Mes, cos’è e come funziona la linea di credito “pandemica” per le spese sanitarie
Creata per “sostenere il finanziamento interno dei costi diretti e indiretti legati allʼassistenza sanitaria, alla cura e alla prevenzione connesse alla crisi Covid-19”
Il Mes continua ad animare il dibattito politico. In questi giorni quando se ne parla si fa però riferimento al Pandemic crisis support, la linea di credito creata per “sostenere il finanziamento interno dei costi diretti e indiretti legati all’assistenza sanitaria, alla cura e alla prevenzione connesse alla crisi Covid-19”., e non Fondo salva Stati a cui siamo abituati (Troika, ecc…). Vediamo di cosa si tratta e quali sono similitudini e differenze.
Il Mes in verità esiste da anni: il Meccanismo europeo di stabilità – ESM in inglese, European stability mechanism – è stato istituito il 2 febbraio 2012 per sostituire il Fondo europeo di stabilità finanziaria (FESF, che aveva assistito Irlanda, Portogallo e Grecia) e il Meccanismo europeo di stabilizzazione finanziaria (EFSM) nell’assistenza finanziaria agli Stati. Tutti gli Stati membri della zona euro sono nel Mes che è un organismo intergovernativo con sede a Lussemburgo.
Il principale strumento di assistenza utilizzato sinora è la concessione di prestiti, con cui un Paese entra in un programma di aiuti a fronte di una serie di riforme da attuare (ad esempio il caso della Grecia). Il sostegno alla stabilità prevede dunque condizionalità rigide, a beneficio degli Stati in difficoltà per salvaguardare la zona euro nel suo complesso e gli Stati stessi.
Il Pandemic Crisis Support – Nel 2020, per far fronte all’emergenza coronavirus, è stato istituito il Pandemic Crisis Support (Sostegno alla Crisi pandemica) del Mes, una linea di credito di tipo Enhanced Conditions (cioè con condizionalità rafforzata che però di fatto è stata praticamente azzerata). Disponibile per tutti gli Stati membri dell’area euro durante il periodo di crisi, con termini standardizzati concordati in anticipo dagli organi direttivi del Mes. Non c’è nessuna condizionalità: l’unico requisito per accedere alla linea di credito è che gli Stati che richiedono assistenza si impegnino a utilizzare tale linea di credito per sostenere il finanziamento interno dei costi diretti e indiretti relativi all’assistenza sanitaria, alla cura e alla prevenzione connesse alla crisi Covid-19.
Le spese stimate possono riguardare sia il 2020 che il 2021 e potranno raggiungere un ammontare pari al massimo al 2% del Pil. All’Italia, calcolatrice alla mano, spetterebbero circa 36 miliardi di euro. Se tutti i Paesi membri lo richiedessero si arriverebbe a un totale di circa 240 miliardi di euro. Tenendo presente che un Paese può scegliere se accedere o meno al sostegno e, qualora proceda, può anche non prelevare i fondi. La linea di credito sarà disponibile fino alla fine del 2022, ma il periodo potrebbe essere modificato in caso di necessità, tenendo in considerazione l’evoluzione della crisi.

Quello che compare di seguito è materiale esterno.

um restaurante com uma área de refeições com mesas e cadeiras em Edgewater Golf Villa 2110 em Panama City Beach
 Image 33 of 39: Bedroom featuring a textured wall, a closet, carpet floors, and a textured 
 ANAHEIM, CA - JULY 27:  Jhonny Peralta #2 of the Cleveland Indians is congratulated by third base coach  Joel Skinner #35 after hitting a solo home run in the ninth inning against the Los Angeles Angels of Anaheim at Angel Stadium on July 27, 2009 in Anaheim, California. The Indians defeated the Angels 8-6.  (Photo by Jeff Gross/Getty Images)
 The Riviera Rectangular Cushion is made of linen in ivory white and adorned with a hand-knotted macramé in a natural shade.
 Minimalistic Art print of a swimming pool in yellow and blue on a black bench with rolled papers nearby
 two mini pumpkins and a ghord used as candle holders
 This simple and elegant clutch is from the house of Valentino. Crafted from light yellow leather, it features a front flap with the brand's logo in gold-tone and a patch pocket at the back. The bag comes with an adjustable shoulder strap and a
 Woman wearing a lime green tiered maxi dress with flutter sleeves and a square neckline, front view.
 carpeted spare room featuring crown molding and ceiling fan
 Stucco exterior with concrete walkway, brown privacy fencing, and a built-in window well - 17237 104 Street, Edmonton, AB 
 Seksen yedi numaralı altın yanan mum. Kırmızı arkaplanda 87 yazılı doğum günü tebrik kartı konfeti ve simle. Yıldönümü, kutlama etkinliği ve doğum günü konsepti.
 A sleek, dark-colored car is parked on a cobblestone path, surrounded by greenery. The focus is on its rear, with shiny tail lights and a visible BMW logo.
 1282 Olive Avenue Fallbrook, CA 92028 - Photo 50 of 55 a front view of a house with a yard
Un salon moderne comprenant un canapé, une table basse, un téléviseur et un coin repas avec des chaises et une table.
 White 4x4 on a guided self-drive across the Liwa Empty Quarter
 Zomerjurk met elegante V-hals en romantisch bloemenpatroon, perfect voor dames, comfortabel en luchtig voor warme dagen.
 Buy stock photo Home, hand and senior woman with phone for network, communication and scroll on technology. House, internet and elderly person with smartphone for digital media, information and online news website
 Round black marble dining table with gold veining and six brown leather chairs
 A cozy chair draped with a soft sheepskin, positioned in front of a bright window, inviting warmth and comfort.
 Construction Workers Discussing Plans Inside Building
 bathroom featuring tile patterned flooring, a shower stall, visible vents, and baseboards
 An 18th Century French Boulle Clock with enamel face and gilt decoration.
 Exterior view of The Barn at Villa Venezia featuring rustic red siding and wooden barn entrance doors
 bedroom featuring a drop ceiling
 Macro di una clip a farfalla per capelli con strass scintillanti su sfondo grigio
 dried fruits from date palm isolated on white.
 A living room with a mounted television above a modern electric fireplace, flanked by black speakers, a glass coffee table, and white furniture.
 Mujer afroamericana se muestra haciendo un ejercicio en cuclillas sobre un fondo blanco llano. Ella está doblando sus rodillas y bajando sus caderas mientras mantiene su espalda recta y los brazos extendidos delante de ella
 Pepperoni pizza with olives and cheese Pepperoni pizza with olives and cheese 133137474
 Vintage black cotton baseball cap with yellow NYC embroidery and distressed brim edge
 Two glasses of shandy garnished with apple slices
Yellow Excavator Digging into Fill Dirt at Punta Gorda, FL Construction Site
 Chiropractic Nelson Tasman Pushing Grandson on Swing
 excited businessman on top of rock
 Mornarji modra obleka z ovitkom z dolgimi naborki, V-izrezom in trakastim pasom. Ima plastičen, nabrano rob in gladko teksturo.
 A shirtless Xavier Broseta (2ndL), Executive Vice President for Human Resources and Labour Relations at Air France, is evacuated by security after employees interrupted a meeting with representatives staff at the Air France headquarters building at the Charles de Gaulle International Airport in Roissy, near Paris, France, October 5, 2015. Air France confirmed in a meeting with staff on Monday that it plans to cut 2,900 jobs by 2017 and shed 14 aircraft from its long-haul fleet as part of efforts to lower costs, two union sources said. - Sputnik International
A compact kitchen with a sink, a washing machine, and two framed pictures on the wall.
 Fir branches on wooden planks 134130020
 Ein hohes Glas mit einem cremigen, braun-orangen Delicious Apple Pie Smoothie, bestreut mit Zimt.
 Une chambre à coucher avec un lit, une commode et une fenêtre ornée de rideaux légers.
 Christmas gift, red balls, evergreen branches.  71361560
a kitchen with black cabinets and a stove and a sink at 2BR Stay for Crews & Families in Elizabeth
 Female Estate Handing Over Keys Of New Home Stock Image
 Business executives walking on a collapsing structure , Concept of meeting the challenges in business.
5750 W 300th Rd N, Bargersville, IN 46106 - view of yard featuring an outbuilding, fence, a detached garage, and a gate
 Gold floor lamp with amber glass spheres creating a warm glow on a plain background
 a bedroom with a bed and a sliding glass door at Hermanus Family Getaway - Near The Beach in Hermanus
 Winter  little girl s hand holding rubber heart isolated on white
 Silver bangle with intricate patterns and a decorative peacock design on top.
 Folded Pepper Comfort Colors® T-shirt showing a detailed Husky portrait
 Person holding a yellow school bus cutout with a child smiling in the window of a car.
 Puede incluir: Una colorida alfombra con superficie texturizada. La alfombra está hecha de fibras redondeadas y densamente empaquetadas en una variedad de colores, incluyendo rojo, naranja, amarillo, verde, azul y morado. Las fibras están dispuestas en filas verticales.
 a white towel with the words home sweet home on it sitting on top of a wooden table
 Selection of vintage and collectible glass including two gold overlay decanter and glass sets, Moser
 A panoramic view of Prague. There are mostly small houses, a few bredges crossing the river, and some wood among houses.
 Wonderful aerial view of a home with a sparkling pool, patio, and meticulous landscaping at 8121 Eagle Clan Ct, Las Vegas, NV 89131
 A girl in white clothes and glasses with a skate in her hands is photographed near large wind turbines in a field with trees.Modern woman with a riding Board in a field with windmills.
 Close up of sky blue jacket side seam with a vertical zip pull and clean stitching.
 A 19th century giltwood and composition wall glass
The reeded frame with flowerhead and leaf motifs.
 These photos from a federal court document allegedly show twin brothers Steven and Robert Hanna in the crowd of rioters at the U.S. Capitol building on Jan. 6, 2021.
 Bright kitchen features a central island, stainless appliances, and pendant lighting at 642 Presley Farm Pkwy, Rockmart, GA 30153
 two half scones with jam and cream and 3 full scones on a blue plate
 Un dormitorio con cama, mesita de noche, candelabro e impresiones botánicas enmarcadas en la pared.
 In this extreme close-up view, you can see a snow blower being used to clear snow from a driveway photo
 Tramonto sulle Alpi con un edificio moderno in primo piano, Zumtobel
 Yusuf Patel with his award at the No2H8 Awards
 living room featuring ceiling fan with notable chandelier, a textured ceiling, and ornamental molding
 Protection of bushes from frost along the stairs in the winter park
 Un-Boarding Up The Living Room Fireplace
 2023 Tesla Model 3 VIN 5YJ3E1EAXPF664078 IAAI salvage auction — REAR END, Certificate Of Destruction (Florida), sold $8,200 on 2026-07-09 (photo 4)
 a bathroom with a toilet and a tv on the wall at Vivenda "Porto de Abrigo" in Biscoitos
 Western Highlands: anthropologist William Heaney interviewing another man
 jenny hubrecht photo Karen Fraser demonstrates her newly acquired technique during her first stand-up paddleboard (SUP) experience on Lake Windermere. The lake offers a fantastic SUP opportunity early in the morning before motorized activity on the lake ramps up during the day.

Il Mes pandemico può essere chiesto per un periodo di dodici mesi, che può essere prorogato due volte per sei mesi ciascuna: i prestiti avrebbero una durata media massima di 10 anni in cui bisognerà restituire oltre al costo del finanziamento Mes, un margine di 10 punti base (0,1%) all’anno, una commissione di servizio una tantum di 25 punti base (0,25%) e un servizio annuale di commissione di 0,5 punti base (0,005%).
Perché c’è chi è contrario – Si tratta di condizioni particolarmente vantaggiose ma chi sostiene non sia necessario fare richiesta del Mes insiste sul fatto che i tassi attuali sono ugualmente bassi. Secondo gli accordi, gli Stati membri che beneficiano dell’assistenza finanziaria precauzionale del Mes sono soggetti a sorveglianza rafforzata, compito svolto dalla Commissione europea, che si concentrerà sul monitoraggio e sugli obblighi di comunicazione sull’uso effettivo dei fondi per coprire i costi sanitari diretti e indiretti. Inoltre l’assenza di condizioni non è prevista nel trattato istitutivo del Mes, che non è stato modificato all’origine, ma solo nelle disposizioni – scritte in un regolamento pubblicato lo scorso giugno – emanate dall’attuale Commissione. Quindi se cambiasse il vento a Bruxelles – dicono gli scettici – sarebbe facile modificarle.